# Blue Acara pair, not so friendly anymore.



## uarhcaz (May 10, 2012)

This is gonna be a long one, but it's for the good of the fish I tell you! :fish:

So here's my issue. For around 5 months now I've had South/Central American cichlids. What I started with was three Blue Acaras, and three Blue Convicts. The goal was to go all male, but that didn't turn out to be the case. I ended up with one female in the Acaras, and that's where the problems took off. As interesting as it sounds, the female was probably the most aggressive one in the tank...mainly towards the Convicts. At one point, she paired with the largest male Acaras and they spawned. As I'm sure you can imagine, what seemed to be over 100 fry in the tank became a live snack for the other fish and the fight for survival began. I managed to quickly get the rest of the fish out of the tank, then swap the parent and baby fish into another tank before putting the rest back into the original tank. Over a few days they seemed to be okay but the female seemed to be getting a little bit up, clearly by the male. I thought it might be a good idea to remove the male and I reintroduced him with the others. As my luck would have it, the female overnight ate the babies. All of them. I was a bit upset as I didn't even know there were eggs to begin with (spawned behind a rock that I had no vision from either end or front of the tank) and the babies had made it that far. So I went on with everything and put her back with the rest of the fish. Everything seemed normal for a while, but her being aggressive took off a bit and the other fish started to get nipped up by her (except her original mate and the other male Acara) so I saw it fit to relocate the others to a new home to reduce the stress levels in the tank (eating became a bit irritating as it seemed like they were fighting for food while there was plenty).

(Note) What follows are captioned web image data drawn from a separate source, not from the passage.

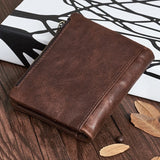 Men Wallet Cow Leather Wallet Big Capacity Short Men Purse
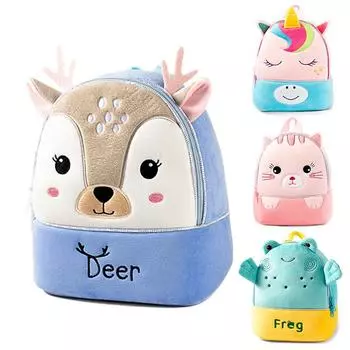 Милые 3D-школьные сумки с изображением оленя для детей, школьные рюкзаки с изображением единорога для девочек в детском саду, школьный портфель для детей
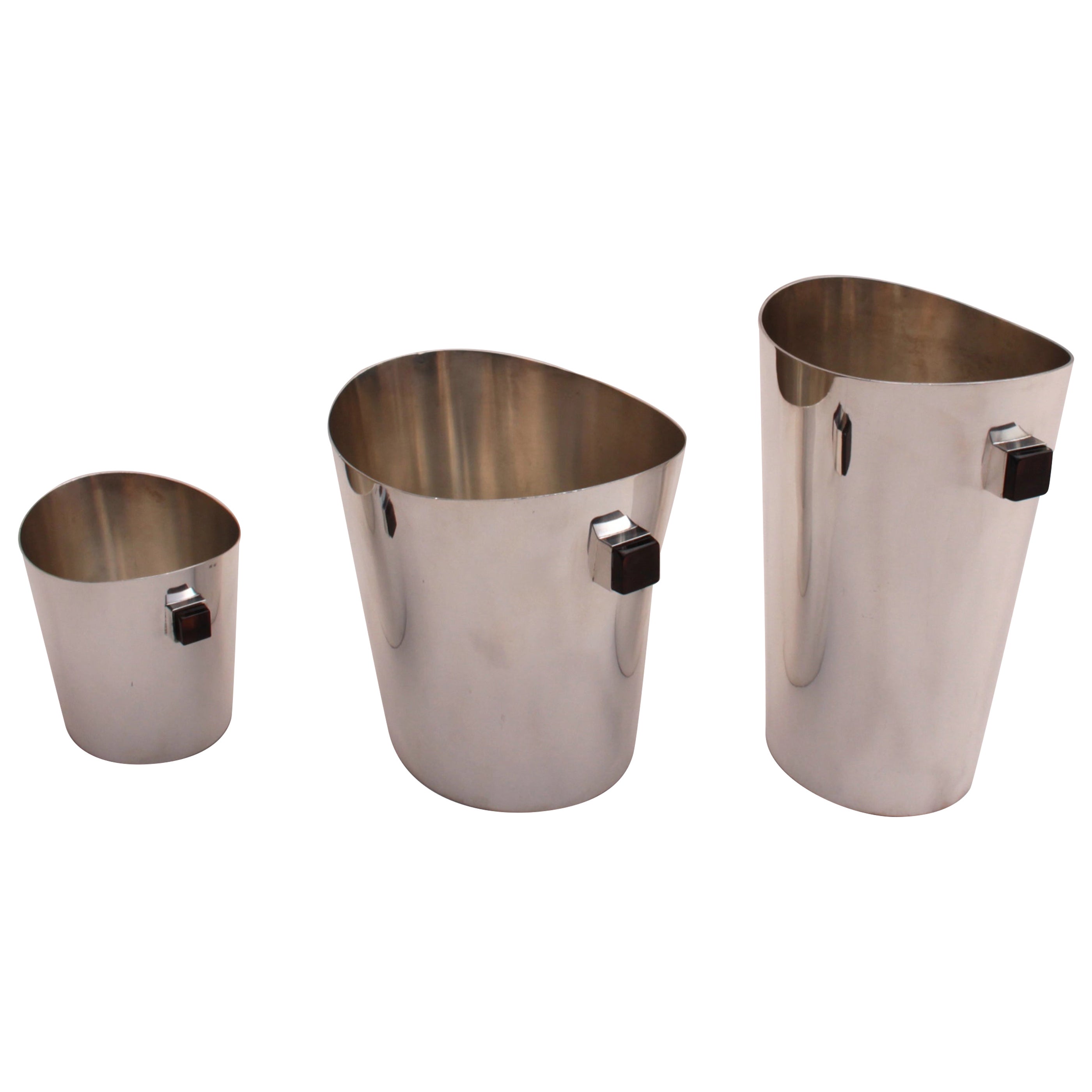 A set of 3 Fine 1970s Silver Plated Buckets For Sale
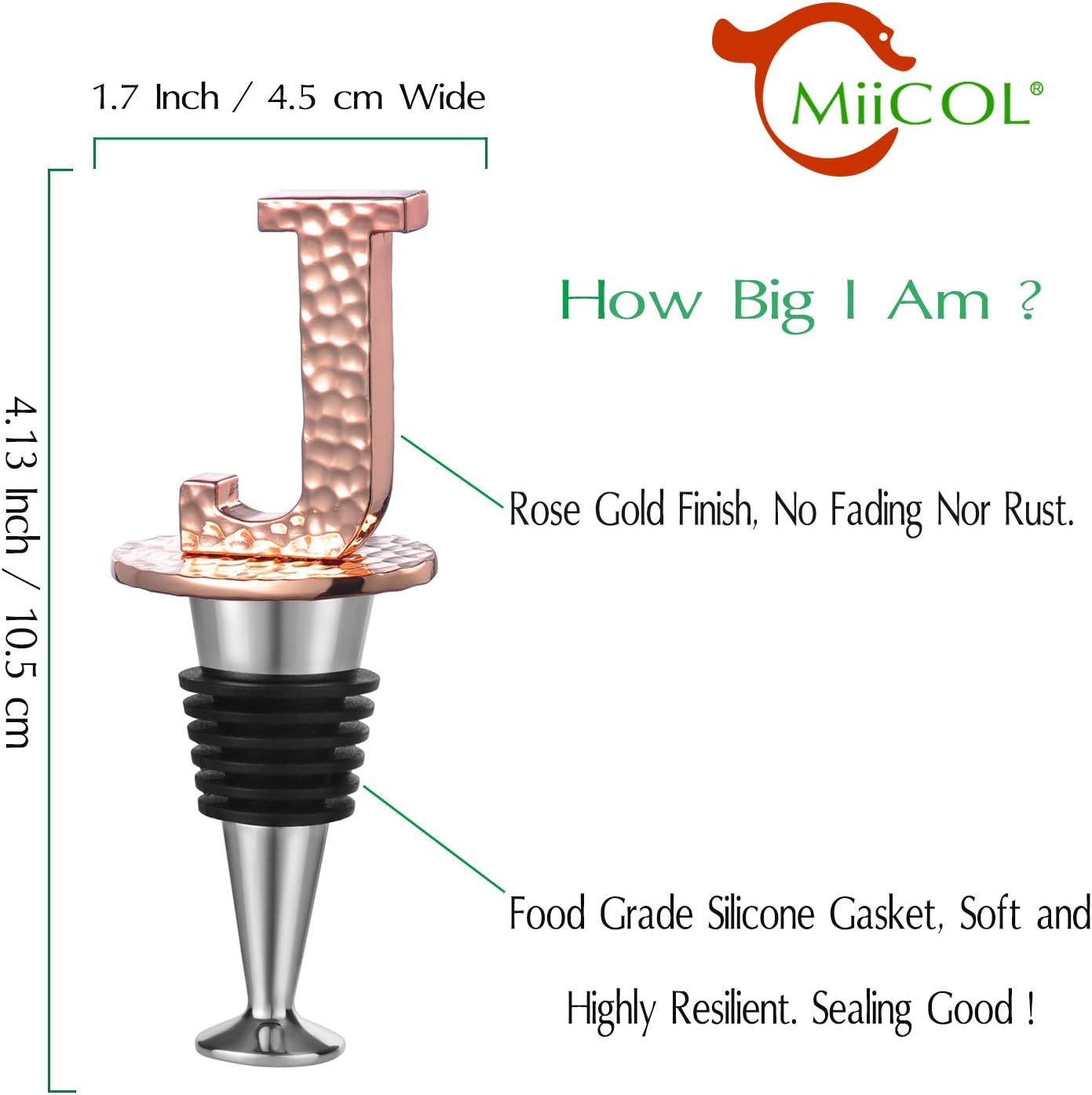 Miicol Wine Stopper, Prosecco Topper, Personalised Champagne Stopper, Rose Gold Wine Bottle Accessories, Wine Lovers Gift, Monogram Gift, Letter J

At this point, up until a few days ago I had the pair in a 75 by themselves (aside from a couple wandering plecos) and then I moved them temporarily into a 20 long I cycled so I could deep clean and re-cycle the 75 for them. In the 20 long, I took notice to the female hiding nearly all the time and the male just kind of doing his business wandering the tank like he owned the place. Neither of them had really seemed to eat much at the time either, though the food at some point was disappearing (I have a very active Bushynose Pleco who's like a darn vacuum too) so maybe they just weren't eating when I was around. I went to my girlfriends yesterday, and came home this morning to find the females fins bit up really bad and she was still hiding. I got the male out of the tank and into the 75. Now the female is in the 20 long with the plecos and the male in the 75. Now, as I type and they've been alone for a good while...they're both just out swimming freely like they're perfectly okay and both ate when I fed them earlier.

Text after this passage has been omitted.